Exactly the lines below from the line with "If you access" through the line with "So, that kind" must make up the answer, both ends included and pictures left out.

## Information supplied
= Beginning of Section =

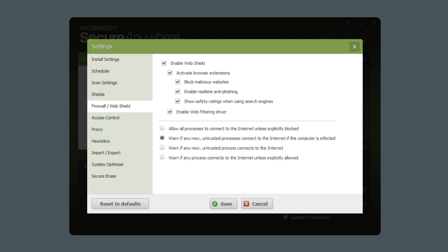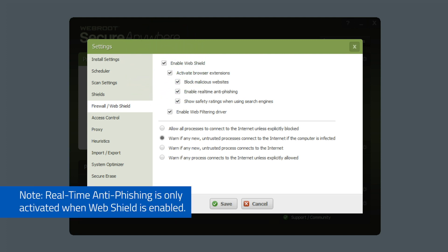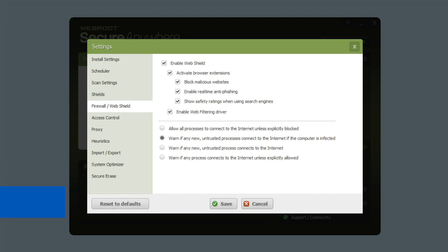From here, you can configure your preferred settings for the firewall and web shield. Note that real-time anti-phishing is only activated when web shield is enabled.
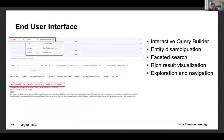If you access semopenalex.org you will see a human-friendly end-user interface which includes an interactive query builder, entity disambiguation, faceted search, rich result visualization, as well as exploration and navigation through the data. Here for example I want to explore all works from the creator Michael Ferber.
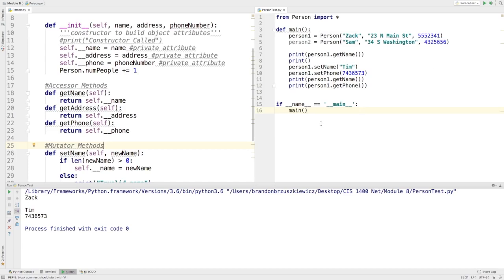So, that kind of wraps it up for just your accessor and mutator methods, the get and set methods of any problem. Realistically, for every attribute you have, they should be declared as private or made as private, and then they should also have some sort of accessor and mutator method associated with them. I don't care what the attribute is, it's just always a good idea to kind of have that.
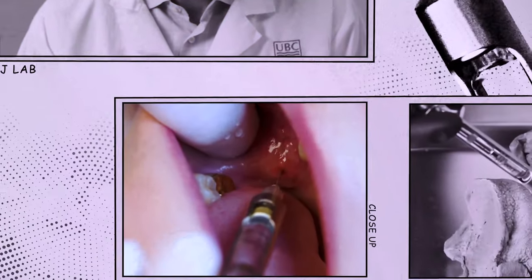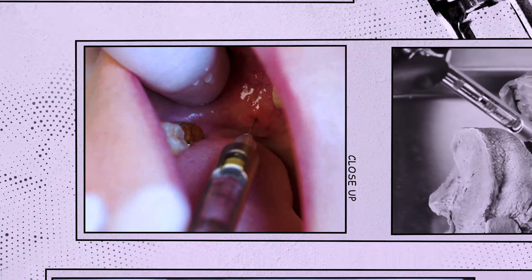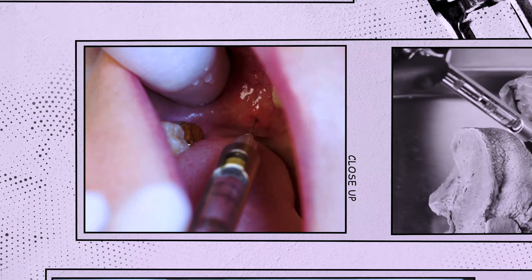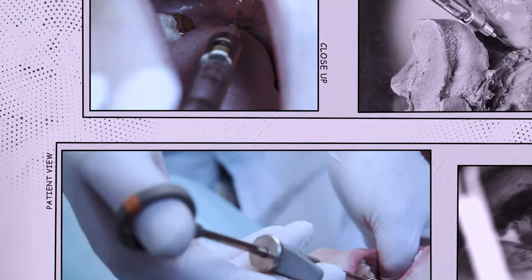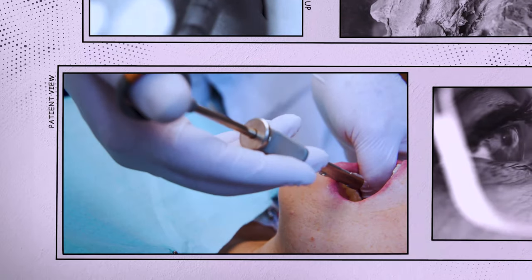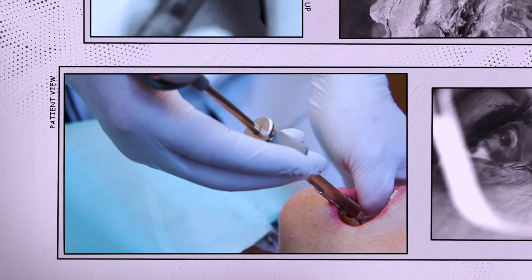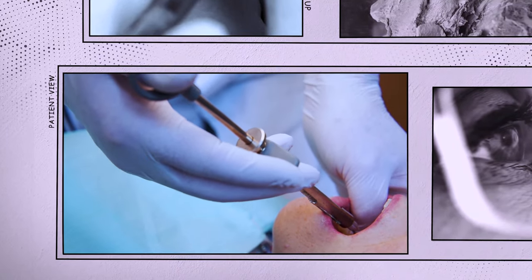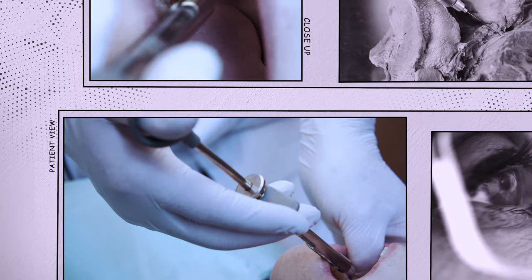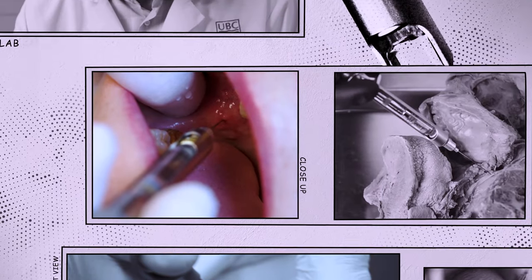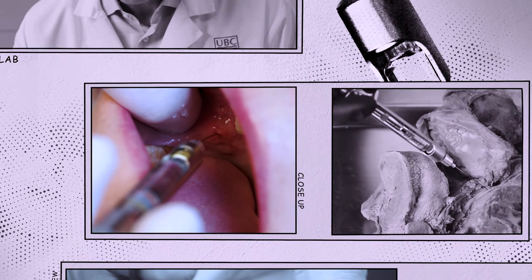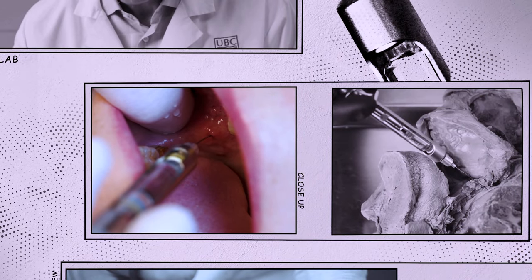If this happens, don't panic. Leave the needle within the tissue, withdraw slightly, and move the syringe barrel towards the front of the mouth. This will reposition the needle tip towards the lingula.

= End of Section =

## Exercise solution
If you access semopenalex.org you will see a human-friendly end-user interface which includes an interactive query builder, entity disambiguation, faceted search, rich result visualization, as well as exploration and navigation through the data. Here for example I want to explore all works from the creator Michael Ferber.
So, that kind of wraps it up for just your accessor and mutator methods, the get and set methods of any problem. Realistically, for every attribute you have, they should be declared as private or made as private, and then they should also have some sort of accessor and mutator method associated with them. I don't care what the attribute is, it's just always a good idea to kind of have that.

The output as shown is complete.